▶ _Task requirements_:
Omit all pictures and transcribe only the lines in the entries below that run from the line with "A Voice in the" through the line with "Universal Ontology: Ontology".

▶ _Given data_:
____________________

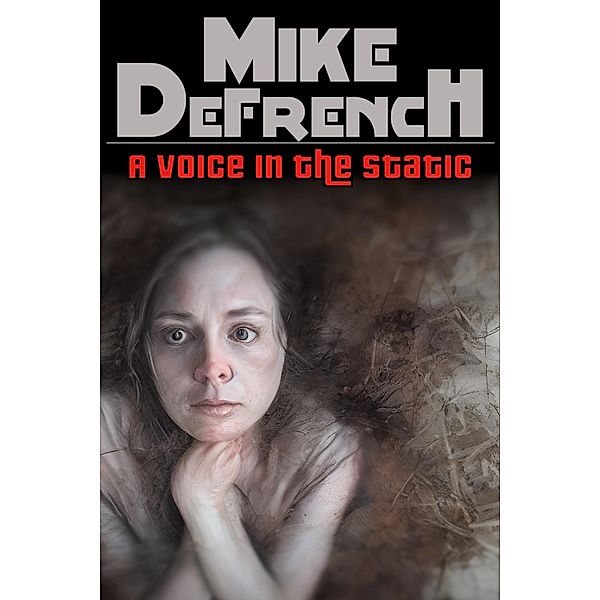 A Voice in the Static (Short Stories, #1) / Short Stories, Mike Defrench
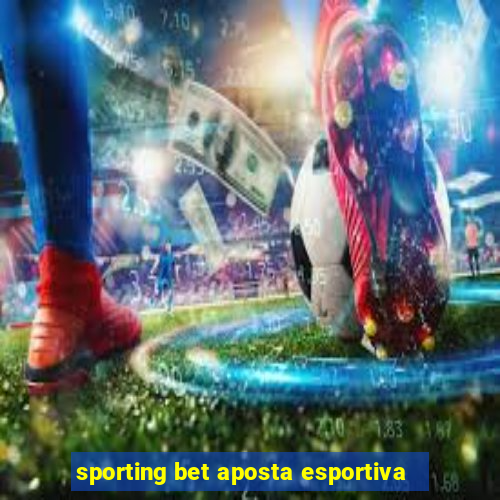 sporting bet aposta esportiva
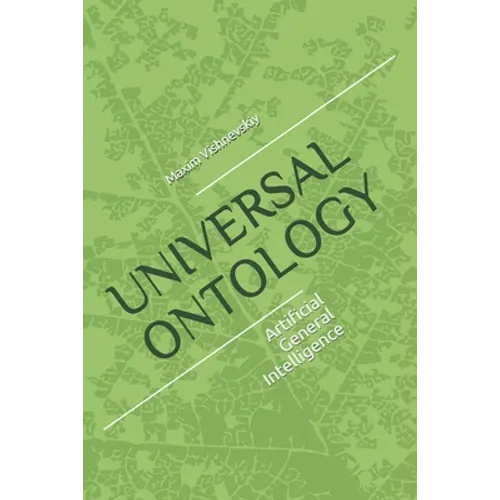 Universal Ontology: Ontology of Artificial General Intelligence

____________________

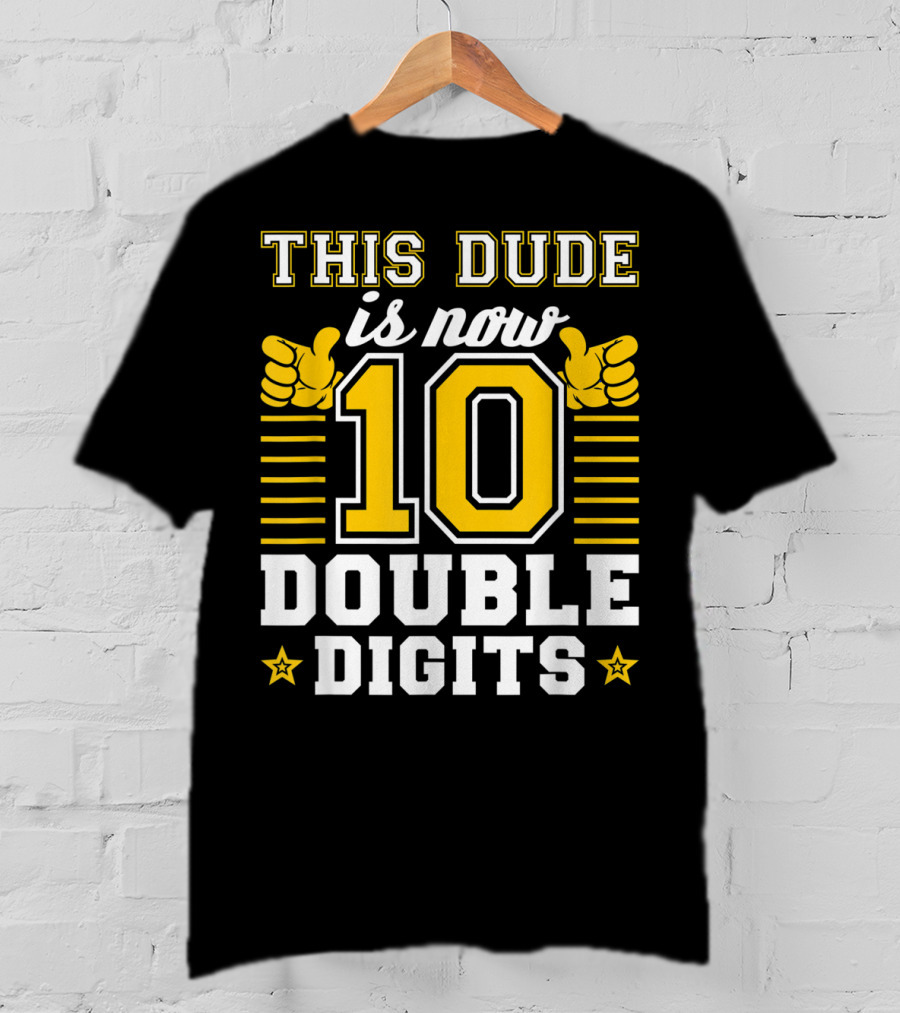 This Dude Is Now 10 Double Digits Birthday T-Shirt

____________________

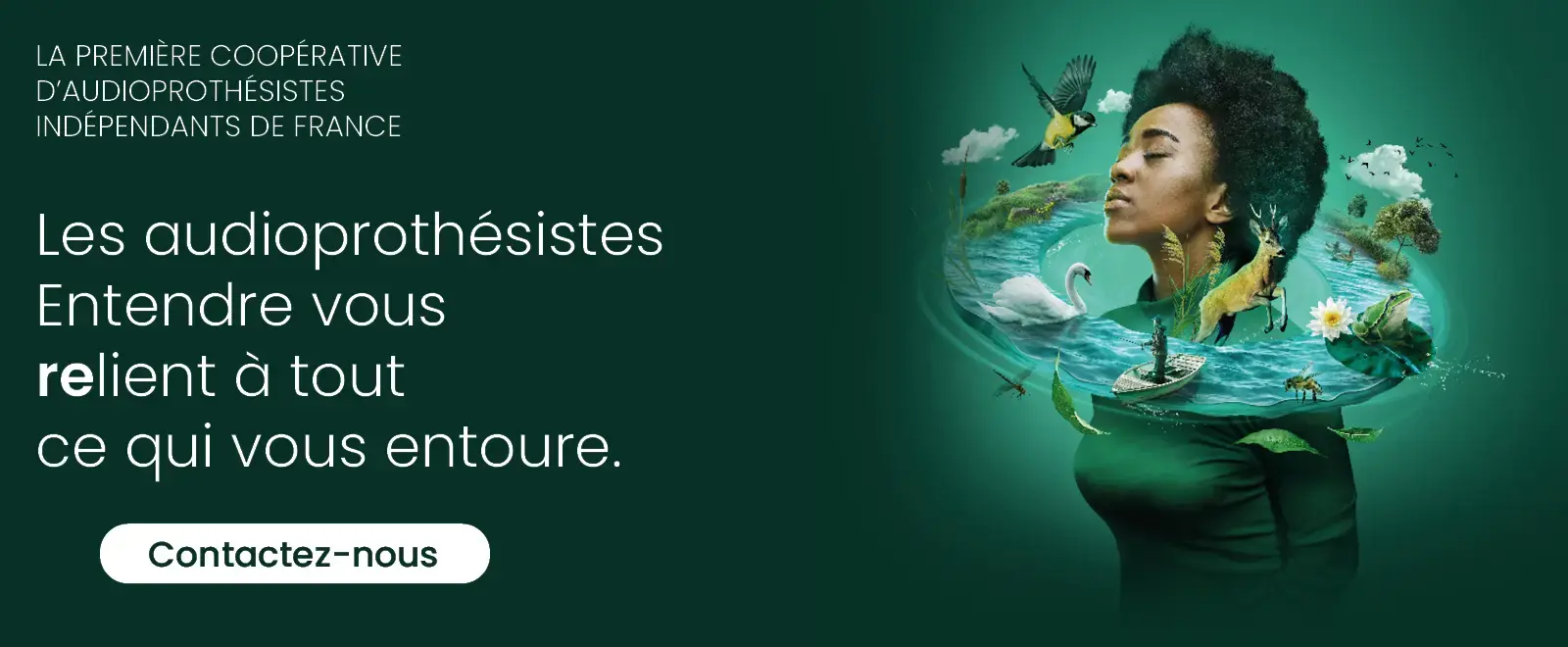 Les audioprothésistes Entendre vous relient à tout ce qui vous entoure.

____________________

▶ _Reply_:
 A Voice in the Static (Short Stories, #1) / Short Stories, Mike Defrench
 sporting bet aposta esportiva
 Universal Ontology: Ontology of Artificial General Intelligence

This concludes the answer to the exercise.